**Records provided:**
☆ ☆ ☆
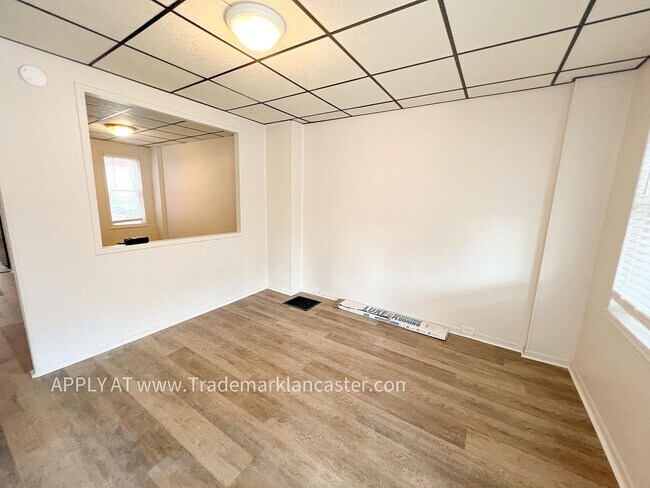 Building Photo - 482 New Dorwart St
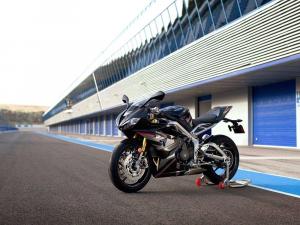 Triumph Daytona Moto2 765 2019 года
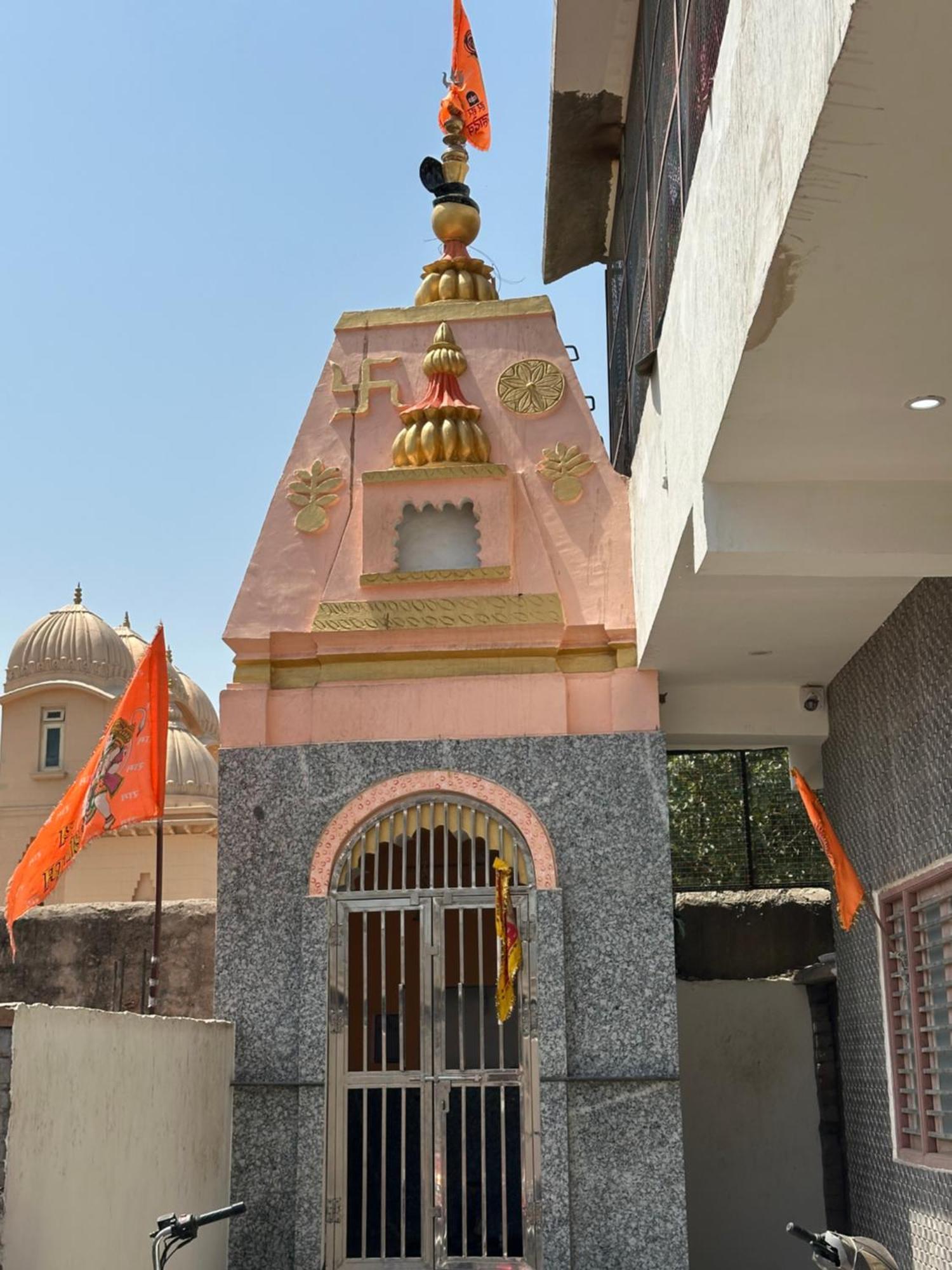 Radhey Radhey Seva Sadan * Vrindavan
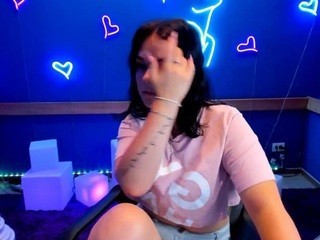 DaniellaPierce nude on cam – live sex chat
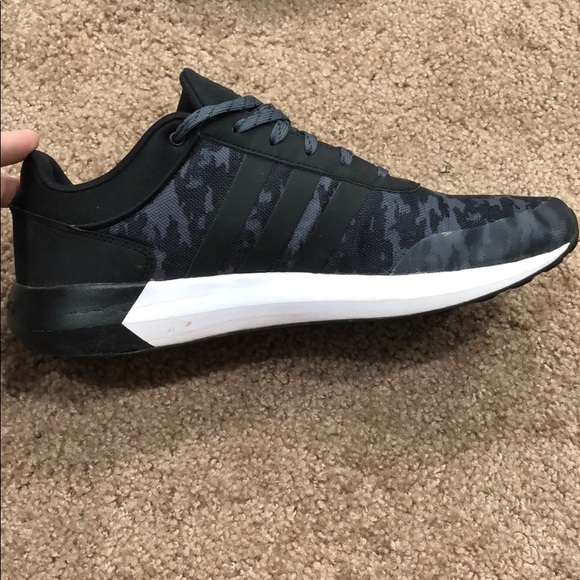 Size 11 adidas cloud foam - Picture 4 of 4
☆ ☆ ☆
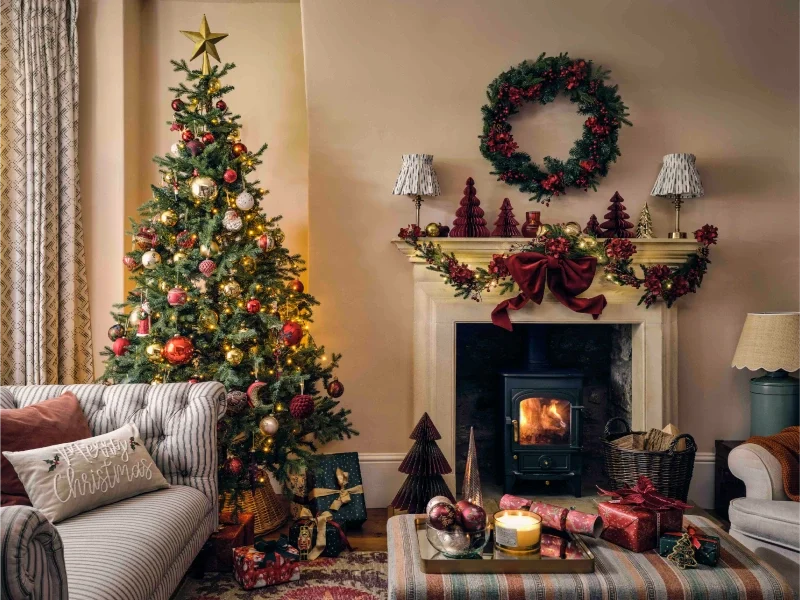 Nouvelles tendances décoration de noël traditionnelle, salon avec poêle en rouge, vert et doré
☆ ☆ ☆
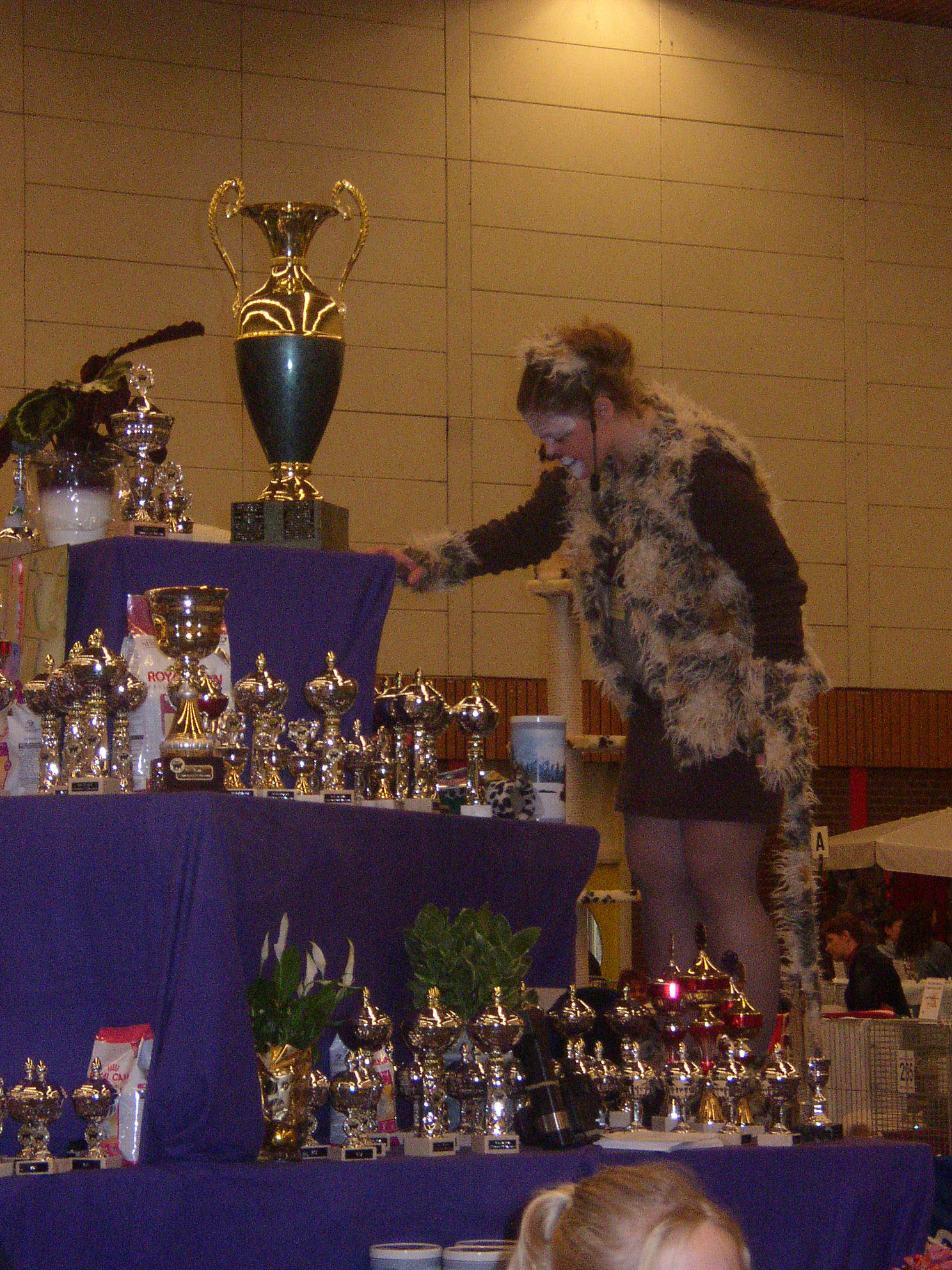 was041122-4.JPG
☆ ☆ ☆
**Task objective:** Work from the entries above. Set down exactly and only the lines from the line with "Building Photo - 482 New Dorwart St" to the line with "Size 11 adidas cloud foam - Picture 4 of 4", both included, and leave the pictures out.

**Final answer:**
 Building Photo - 482 New Dorwart St
 Triumph Daytona Moto2 765 2019 года
 Radhey Radhey Seva Sadan * Vrindavan
 DaniellaPierce nude on cam – live sex chat
 Size 11 adidas cloud foam - Picture 4 of 4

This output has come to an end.